I think the archaeological finds at Sutton Hoo inspired this movie. Kit Terrington and Jacqueline Cox visit their uncle, who is digging up a Saxon ship in the woods. Meanwhile, their father's engineer is working with a pal of his to steal a gold cup, which they have lifted from a local museum and buried inadvertently right by the ship. While doing so, they dropped some matches, so there's also a forest fire to contend with.
These Children Film Foundation efforts were produced because the people who backed them thought the American children films that dominated the Saturday matinees were too nasty. Unfortunately, while the camera-work always seems to have been good and a few of the stories well told, most, like like this one, seem more interested in making sure there is nothing to offend anyone, than in making sure there is anything to entertain anyone.

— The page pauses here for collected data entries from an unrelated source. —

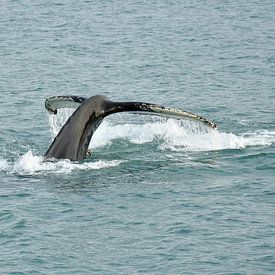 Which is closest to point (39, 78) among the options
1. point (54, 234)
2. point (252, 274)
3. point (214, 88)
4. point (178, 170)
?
point (214, 88)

Thus, all the principals -- children and villains -- start as as smug and self-centered. True, the children learn, but there's nothing to make you take an interest in what's going on for the first twenty minutes. In Keaton's THE NAVIGATOR, Buster starts out as a smug fellow we want to kick, and indeed, the movie kicks him a lot as he grows. However, the gags that surround him, even at the beginning, command our attention. Here it's kids being whiny and lazy and mean to each other. Ho hum.
Likewise the villains. At least they get to take a few pratfalls; yet those are taken in such a perfunctory, unornamented and unfeeling way, that they have no impact, neither comic nor telling, even for the characters.
Clearly the people who supervised this had More Important Things in Mind. It's Educational! It warns children to be responsible about matches! I suppose these things are important. However, when it comes to a kiddie matinée movie, first entertain me. Come to think of it, that's still my rule in my seventh decade.